I bought an 1820’s farmhouse and one acre for $10,000.

In the middle of nowhere.

Sight unseen.

Ok, not $10,000.

$10,000 plus closing costs plus all back taxes.

How many years of back taxes? And how much was even one year of back taxes in central New York?

I didn’t ask. When I want something, fine details are not necessary. You will encounter this attitude of mine, many times.

The FINAL total for an ancient house on an acre in “The Middle of Nowhere”?

$13,000.

BARGAIN.

At the time, I was living in Pacific Palisades in a 2 +1 stucco hut built in the 1940’s. And, I was paying $27,600 per year (an unheard of bargain at that time, and, I hear, a miracle these days). To even imagine buying it was impossible for my brain.

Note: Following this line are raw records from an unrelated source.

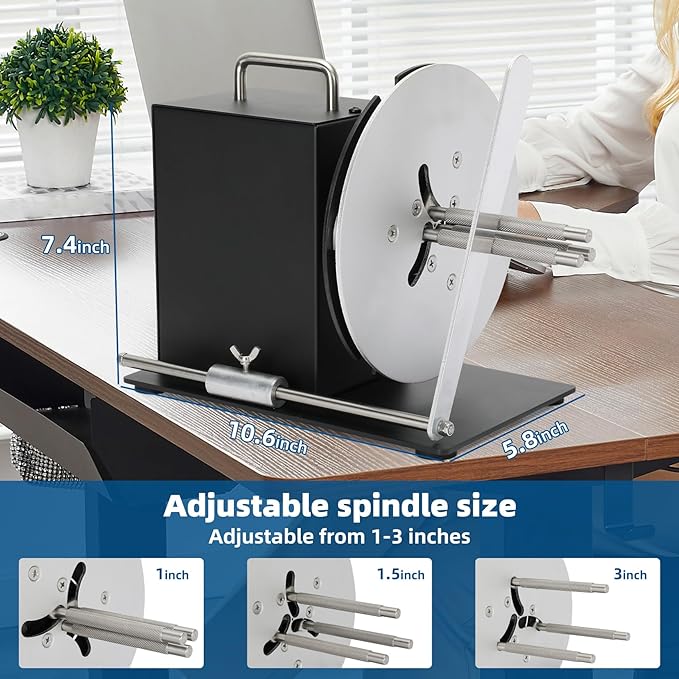 Automatic Label Rewinder Machine,Update Label rewinder Supports 1"/1.5"/3" Core Holder,Max Label Width 4.72" and 2 Way Winding Direction,Rewinding Speed can be Automatically Adjusted with Printer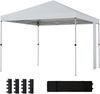 Faltbarer Pavillon 3x3 m mit Aufbewahrungstaschen und Ballastsäcken, aus Metall und Oxford-Gewebe, weiß Bild 2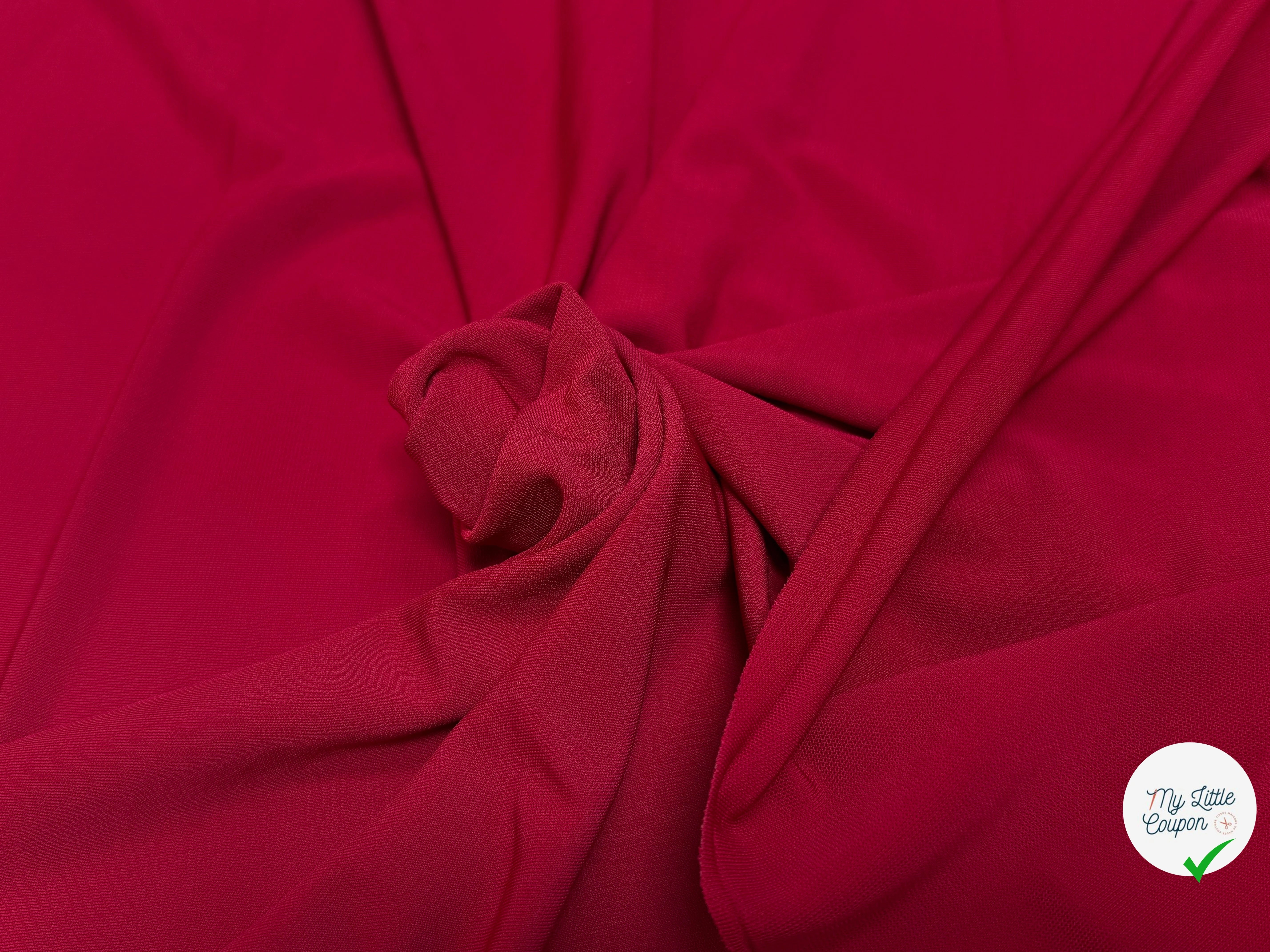 JERSEY VISCOSE FLUIDE ULTRA STRETCH RUBY ROUGE - My Little Coupon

My designer’s salary (hefty as it was in retrospect) was in no way amenable to even purchase the land below it, worth close to a million dollars alone.

I just could not “The Secret” my way into the millions that I would have needed—my brain was not cut out for those gymnastics.

But, pay $13,000 for a house and an acre in the middle of “God Knows Where”? Now, that I could do.

So, I did.

We closed on April Fools Day, 2011. An interesting choice of days, no?

Next, I booked a flight from Los Angeles to Albany (with a layover in a flyover) on Mother’s Day weekend, 2011. The plan was to stay with my brand new neighbor and somewhat friend, Jim, in his 1890’s farmhouse next door to my 1820’s farmhouse.

My house was unlivable, having been torn to pieces by the squatters that had lived there for years (until the April 1 deadline that the seller had given them to decamp…or die in the house by fire…) and by the cruel weather of central New York.

 

 

Jim said it could still snow, so I packed my heaviest coat (a thigh-grazing, heavy, leather bomber jacket that I bought in Switzerland as a fashion statement, that was, in all seasons, inappropriate for LA), a pair of fingerless gloves (who has fingered gloves in LA?), a matching knit cap, my cowboy boots (bought at a Boot Barn in homage to the Americana music that I so love), two pairs of “jeggings”, some over-the-knee socks, a semi-wintery scarf, one flannel shirt, and a thin mock-turtleneck.

From LAX to ALB, I took iPhone photos of the left plane wing and the scenery beneath it—from desert to canyons to mountains to gold patch-work farmlands to green patchwork and, finally, to hills covered by forests and outlined by rivers.

We landed just as a spectacular east coast sunset lit the sky. By the time we arrived at the gate, night fell like a dark-out curtain. Boom. Just like that.

The car rental guy at ALB (a lovely, tiny airport, manageable in the way that LAX is not) offered to add GPS, for a slight fee.

“Nah, I have an iPhone and an iPad and Google maps, I’ll be ok,” I smiled.

He raised an eyebrow.

“You got it,” he said, handing me the keys.

According to google, Albany to “The Middle of Nowhere” would be exactly 1 hour and 40 minutes.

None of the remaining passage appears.